For affirmance -- Chief Justice Weintraub, and Justices Jacobs, Proctor, Hall, Schettino and Haneman. For reversal -- None. The opinion of the court was delivered by Hall, J.
The defendant was convicted of bookmaking, N.J.S. 2A:112-3, by a jury in the Essex County Court. His appeal was certified on our own motion while pending unheard in the Appellate Division.
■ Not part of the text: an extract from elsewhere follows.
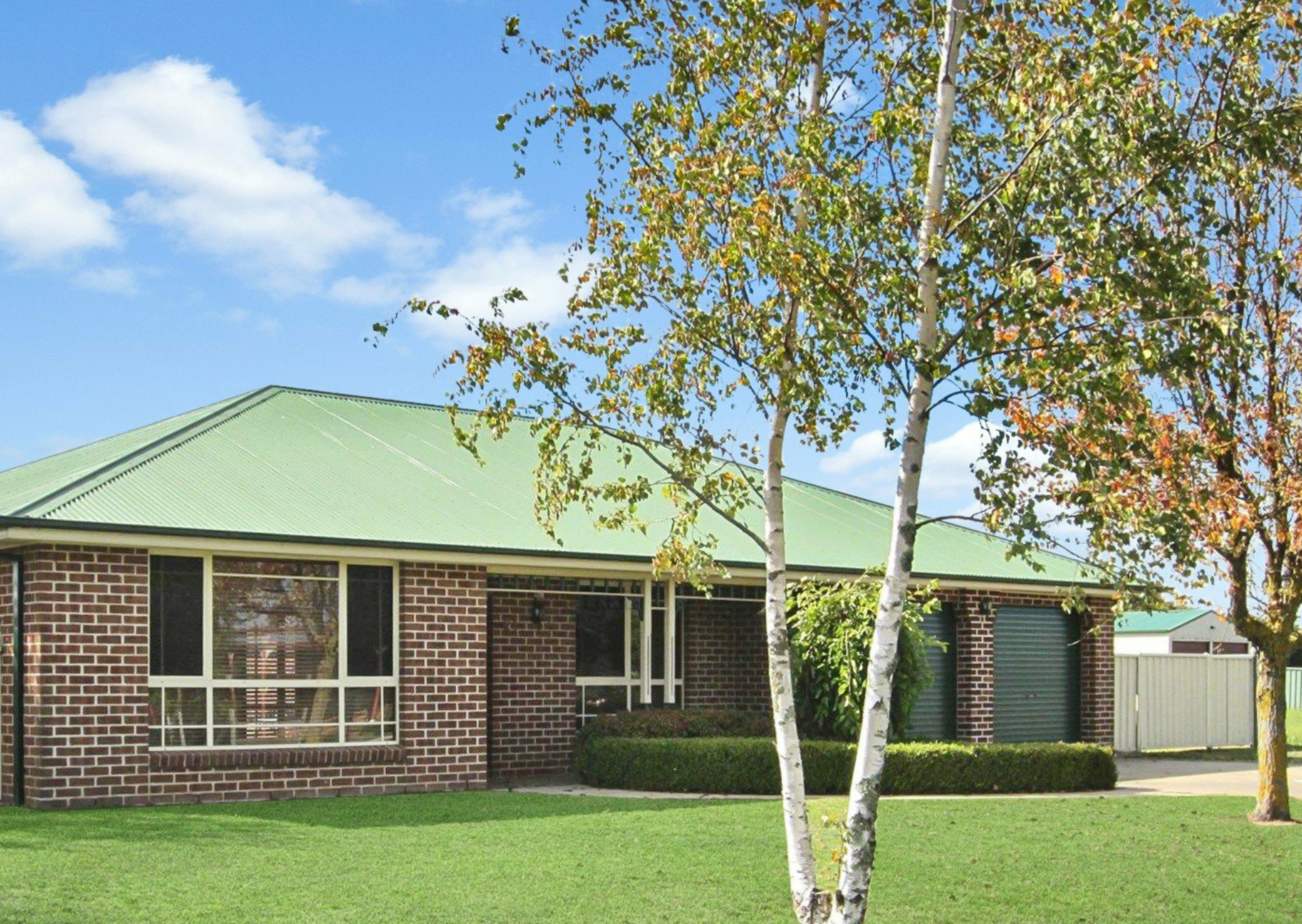 24 Brennan Crescent, OBERON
Three principal grounds are urged for reversal: first, because of an abortive prior trial, the further prosecution in which he was convicted was barred under principles of double jeopardy; second, articles were introduced in evidence which were obtained by an unlawful search and seizure; and third, the State did not make out a prima facie case of bookmaking.
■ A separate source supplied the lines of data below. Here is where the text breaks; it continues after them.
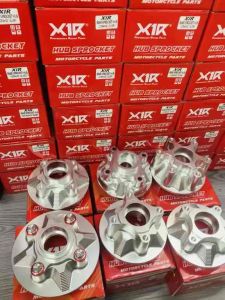 Cùi Đĩa CNC X1R Các dòng xe Chính hãng Wave a 110 Wave a 100 rs 100 s 100 Fu led 125 Ex 150-155
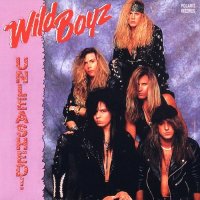 Wild Boyz - Unleashed! (1991)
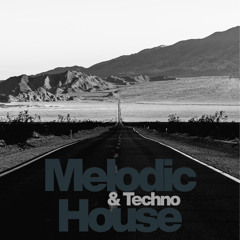 Melodic House & Techno DJ ARLETTE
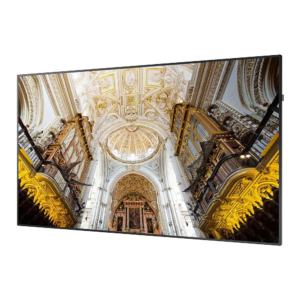 Информационный дисплей Samsung 98" QB98R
The claim of double jeopardy is based on the State's refusal to continue the first trial with 11 jurors after the twelfth was necessarily removed from further participation during the course of the case. Our criminal practice rules provide, R.R. 3:7-1(b): "Juries shall be of 12 persons but at any time before verdict the parties may stipulate in writing with the approval of the court that the jury shall consist of any number less than 12, except in murder cases."
The situation developed in this fashion. On the selection of the jury at the opening of the first trial, each juror was asked whether he knew defendant and none acknowledged any acquaintance. The opening statements of counsel and the complete testimony of the first two witnesses for the prosecution occupied the balance of the day. When the judge recessed for the day, he instructed the jury not to speak to anyone
concerning the case. The next morning, before the trial resumed, one of the jurors advised the judge privately that he had asked his wife and his brother-in-law the preceding evening whether he knew defendant. The inquiry disclosed that, while the juror was not personally acquainted with defendant, the brother-in-law was and all three were members of a local social organization. The juror was then examined on supplemental voir dire by the judge and both counsel out of the presence of the balance of the jury. It was clear therefrom not only that the juror had disobeyed the court's admonition against talking about the case, but, more important, that he could not fairly sit on the case as an impartial juror because of what he had learned the previous night. It is also evident that the situation was not brought about by any conduct of either the State or the defense, and there has been no explicit claim that the remainder of the jurymen might have been contaminated by the examined juror's bias.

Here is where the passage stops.